_Work task_
In the entries that follow, the lines from the line containing "New cross-border Christmas" up to and including the line containing "Barna 24 rekeszes" must be copied exactly, with pictures omitted.

_The data_
☆ ☆ ☆
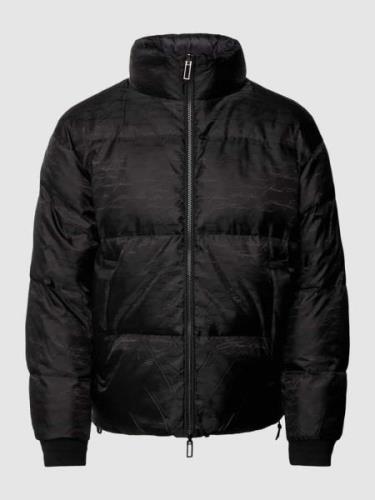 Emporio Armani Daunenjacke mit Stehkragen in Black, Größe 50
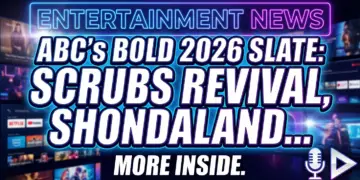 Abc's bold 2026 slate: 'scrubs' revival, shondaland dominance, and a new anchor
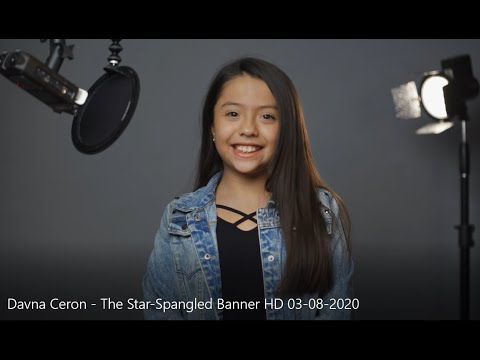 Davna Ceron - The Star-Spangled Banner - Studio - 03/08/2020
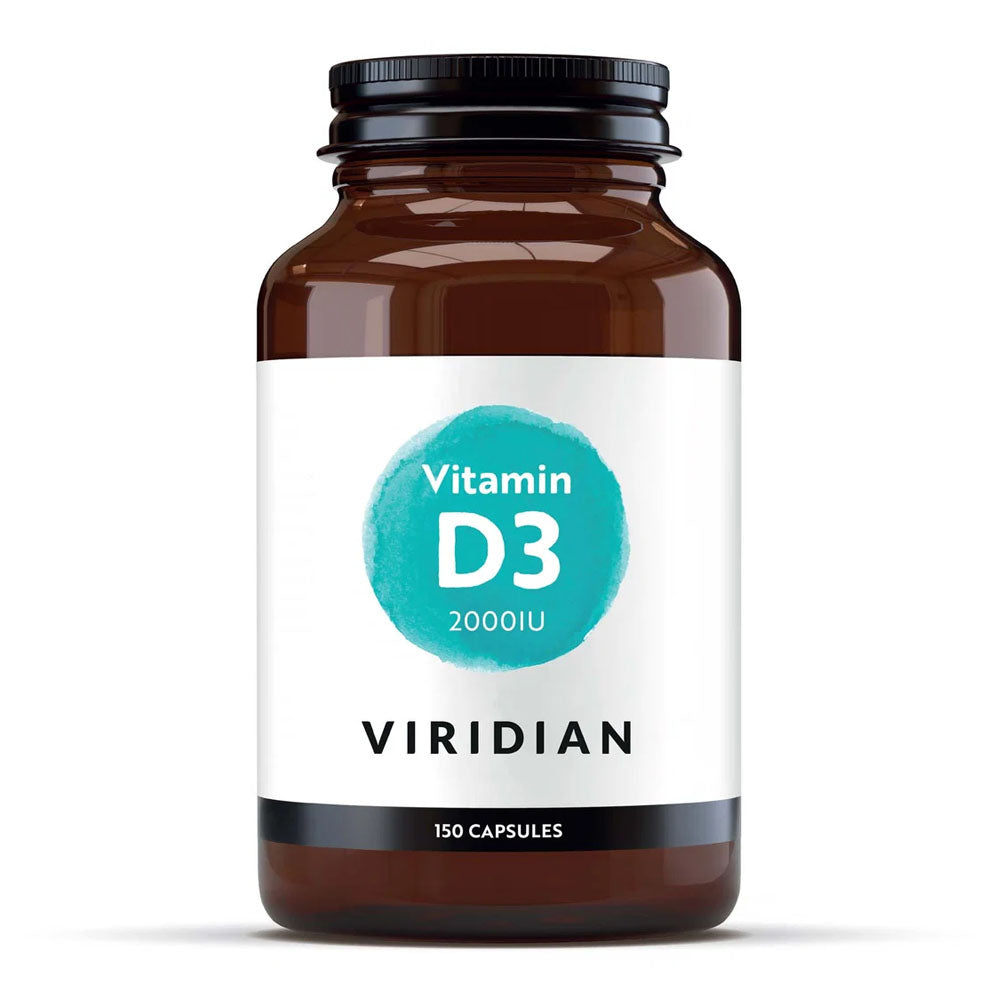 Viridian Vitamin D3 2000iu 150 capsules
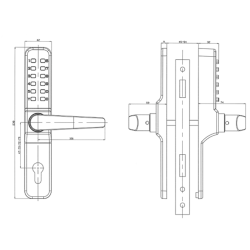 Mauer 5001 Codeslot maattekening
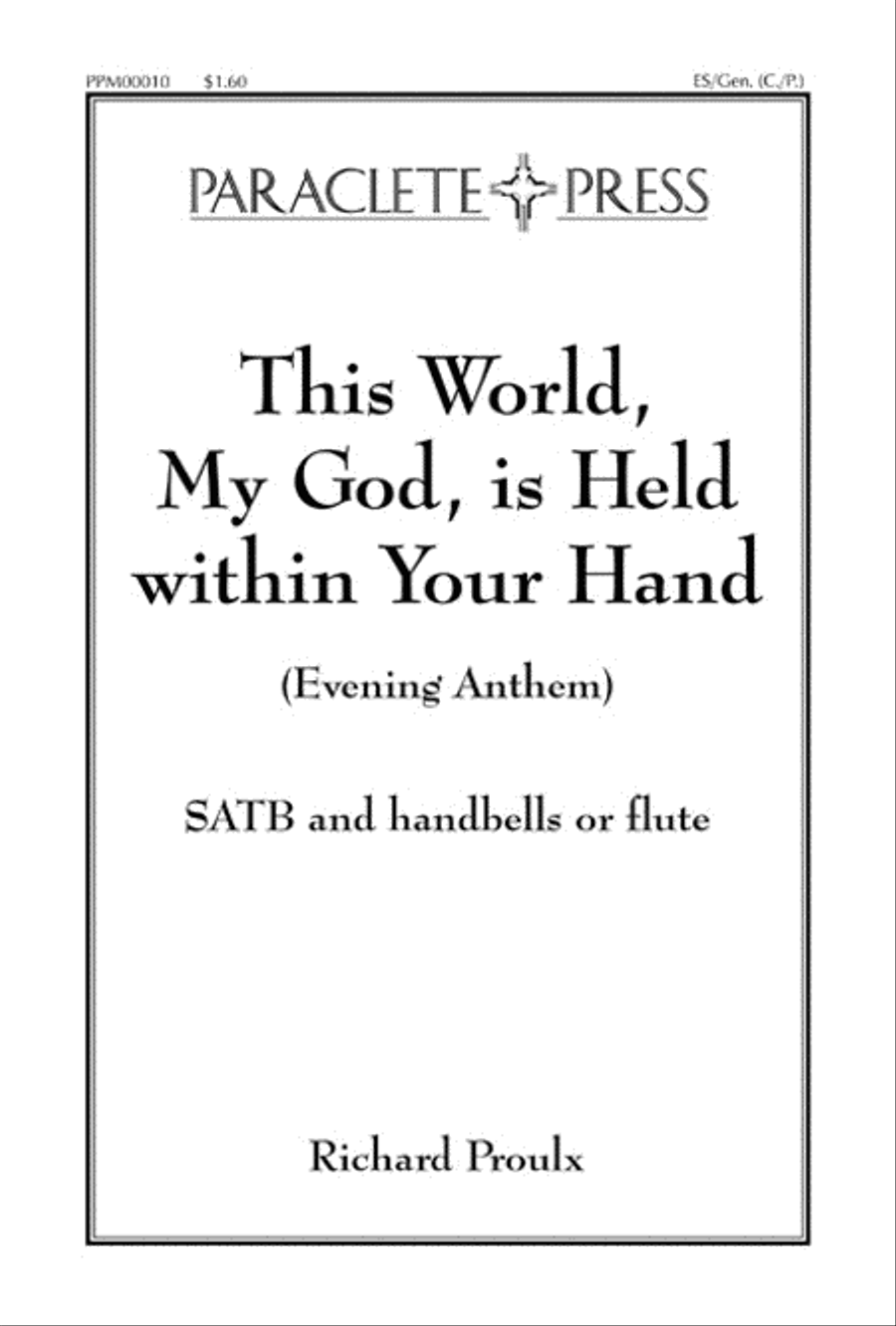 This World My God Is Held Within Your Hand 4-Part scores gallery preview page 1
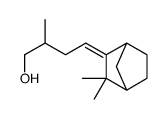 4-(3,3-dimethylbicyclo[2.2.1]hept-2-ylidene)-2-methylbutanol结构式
☆ ☆ ☆
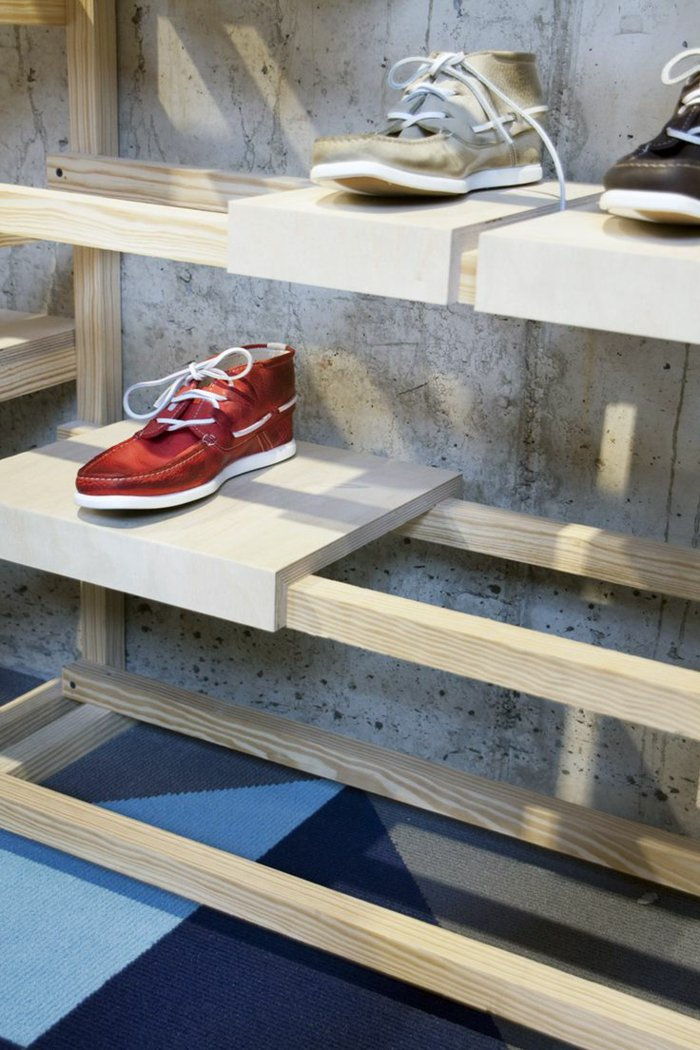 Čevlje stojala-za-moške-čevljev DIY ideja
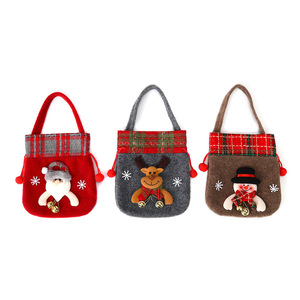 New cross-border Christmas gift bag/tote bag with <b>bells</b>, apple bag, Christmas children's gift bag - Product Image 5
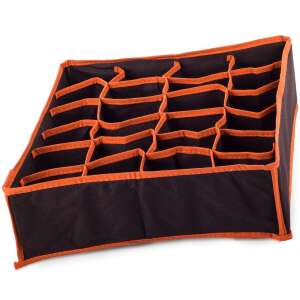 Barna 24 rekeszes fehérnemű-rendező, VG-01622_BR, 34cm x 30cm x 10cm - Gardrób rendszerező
☆ ☆ ☆
_Solution for this problem_
 New cross-border Christmas gift bag/tote bag with <b>bells</b>, apple bag, Christmas children's gift bag - Product Image 5
 Barna 24 rekeszes fehérnemű-rendező, VG-01622_BR, 34cm x 30cm x 10cm - Gardrób rendszerező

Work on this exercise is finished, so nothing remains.